[<prev] [next>] [<thread-prev] [thread-next>] [day] [month] [year] [list]
Message-ID: <aThIQzni6fC1qdgj@google.com>
Date: Tue, 9 Dec 2025 08:03:15 -0800
From: Sean Christopherson <seanjc@...gle.com>
To: Yosry Ahmed <yosry.ahmed@...ux.dev>
Cc: Paolo Bonzini <pbonzini@...hat.com>, Jim Mattson <jmattson@...gle.com>, kvm@...r.kernel.org,
linux-kernel@...r.kernel.org
Subject: Re: [PATCH v2 10/13] KVM: nSVM: Restrict mapping VMCB12 on nested VMRUN
On Mon, Nov 10, 2025, Yosry Ahmed wrote:
> All accesses to the VMCB12 in the guest memory are limited to
> nested_svm_vmrun(). However, the VMCB12 remains mapped until the end of
> the function execution. Unmapping right after the consistency checks is
> possible, but it becomes easy-ish to introduce bugs where 'vmcb12' is
> used after being unmapped.
>
> Move all accesses to the VMCB12 into a new helper,
> nested_svm_vmrun_read_vmcb12(), that maps the VMCB12,
> caches the needed fields, performs consistency checks, and unmaps it.

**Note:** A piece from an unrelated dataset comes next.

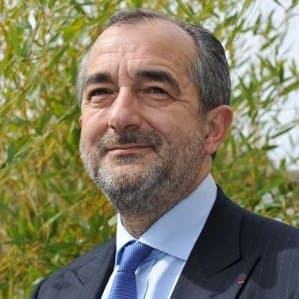 la-consolidation-du-pavillon-francais-echoue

> This limits the scope of the VMCB12 mapping appropriately. It also
> slightly simplifies the cleanup path of nested_svm_vmrun().
>
> nested_svm_vmrun_read_vmcb12() returns -1 if the consistency checks
> fail, maintaining the current behavior of skipping the instructions and
> unmapping the VMCB12 (although in the opposite order).
>
> Signed-off-by: Yosry Ahmed <yosry.ahmed@...ux.dev>
> ---
> arch/x86/kvm/svm/nested.c | 59 ++++++++++++++++++++++-----------------
> 1 file changed, 34 insertions(+), 25 deletions(-)
>
> diff --git a/arch/x86/kvm/svm/nested.c b/arch/x86/kvm/svm/nested.c
> index ddcd545ec1c3c..a48668c36a191 100644
> --- a/arch/x86/kvm/svm/nested.c
> +++ b/arch/x86/kvm/svm/nested.c
> @@ -1023,12 +1023,39 @@ int enter_svm_guest_mode(struct kvm_vcpu *vcpu, u64 vmcb12_gpa, bool from_vmrun)
> return 0;
> }
>
> +static int nested_svm_vmrun_read_vmcb12(struct kvm_vcpu *vcpu, u64 vmcb12_gpa)

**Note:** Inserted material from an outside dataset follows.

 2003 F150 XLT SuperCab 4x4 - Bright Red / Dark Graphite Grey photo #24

"read_vmcb12"() sounds like a generic helper to read a specific field. And if
the name is more specific, then I think we can drop the "vmrun" scoping. To
aligh with similar functions in VMX and __nested_copy_vmcb_save_to_cache(), how
about nested_svm_copy_vmcb12_to_cache()?
> +{
> + struct vcpu_svm *svm = to_svm(vcpu);
> + struct kvm_host_map map;
> + struct vmcb *vmcb12;
> + int ret;
> +
> + ret = kvm_vcpu_map(vcpu, gpa_to_gfn(vmcb12_gpa), &map);
> + if (ret)
> + return ret;
> +
> + vmcb12 = map.hva;
> +
> + nested_copy_vmcb_control_to_cache(svm, &vmcb12->control);
> + nested_copy_vmcb_save_to_cache(svm, &vmcb12->save);
> +
> + if (!nested_vmcb_check_save(vcpu) ||
> + !nested_vmcb_check_controls(vcpu)) {
> + vmcb12->control.exit_code = SVM_EXIT_ERR;
> + vmcb12->control.exit_code_hi = 0;
> + vmcb12->control.exit_info_1 = 0;
> + vmcb12->control.exit_info_2 = 0;
> + ret = -1;
I don't love shoving the consistency checks in here. I get why you did it, but
it's very surprising to see (and/or easy to miss) these consistency checks. The
caller also ends up quite wonky:
if (ret == -EINVAL) {
kvm_inject_gp(vcpu, 0);
return 1;
} else if (ret) {
return kvm_skip_emulated_instruction(vcpu);
}
ret = kvm_skip_emulated_instruction(vcpu);
Ha! And it's buggy. __kvm_vcpu_map() can return -EFAULT if creating a host
mapping fails. Eww, and blindly using '-1' as the "failed a consistency check"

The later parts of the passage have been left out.